Changing Keys
Keyboard Instruments for America
1700-1830
A new book by John R. Watson as curator of
musical instrument at the Colonial Williamsburg Foundation,
illuminates the dramatic changes in keyboard instruments during the
eighteenth and early nineteenth centuries. Seen from an
Anglo-American perspective that relied on London for music and
instruments over most of that period, the book examines 38 keyboard
examples in the collection of the Colonial Williamsburg Foundation,
including harpsichords, spinets, organs and pianos.

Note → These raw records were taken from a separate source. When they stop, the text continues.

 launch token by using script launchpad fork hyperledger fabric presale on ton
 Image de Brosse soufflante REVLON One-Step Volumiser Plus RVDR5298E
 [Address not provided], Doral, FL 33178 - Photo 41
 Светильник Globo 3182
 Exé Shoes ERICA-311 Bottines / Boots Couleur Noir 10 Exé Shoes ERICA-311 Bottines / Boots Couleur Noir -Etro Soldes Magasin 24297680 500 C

The title has multiple meanings. The book traces the transition from
harpsichord to piano and the accompanying shift in taste during the
period, also the burgeoning American industry that eventually undercut London’s
monopoly on the manufacture of instruments. The title also reflects
the way individual instruments were changed by time and restorers
over their history of use.
Changing Keys examines the evolution of instrument design
due to regional and political influences, market and demographic
shifts, manufacturing technologies and the competition among makers
and merchants. The hard cover 144-page book features drawings and many exquisite color
photographs of period keyboard instruments and details of decorative
elements as well as the inner workings of the instruments.

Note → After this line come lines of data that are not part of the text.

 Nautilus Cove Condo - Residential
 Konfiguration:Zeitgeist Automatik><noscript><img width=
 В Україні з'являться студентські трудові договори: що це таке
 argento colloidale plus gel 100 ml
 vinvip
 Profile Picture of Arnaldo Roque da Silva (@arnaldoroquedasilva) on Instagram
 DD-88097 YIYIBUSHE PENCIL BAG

Descriptive entries, technical specifications, and a
pictorial glossary help to clarify how the instruments were built,
how they work, and how they changed over time.
A special
exhibit
under the same name at the DeWitt Wallace Decorative Arts Museum
features 28 of the instruments and will run through 2014. The
exhibit was made possible through the support of the Freemans and
from Debra and Thomas Strange.
The hardcover book is co-published by Scarecrow Press, an imprint of the Rowman & Littlefield Publishing Group.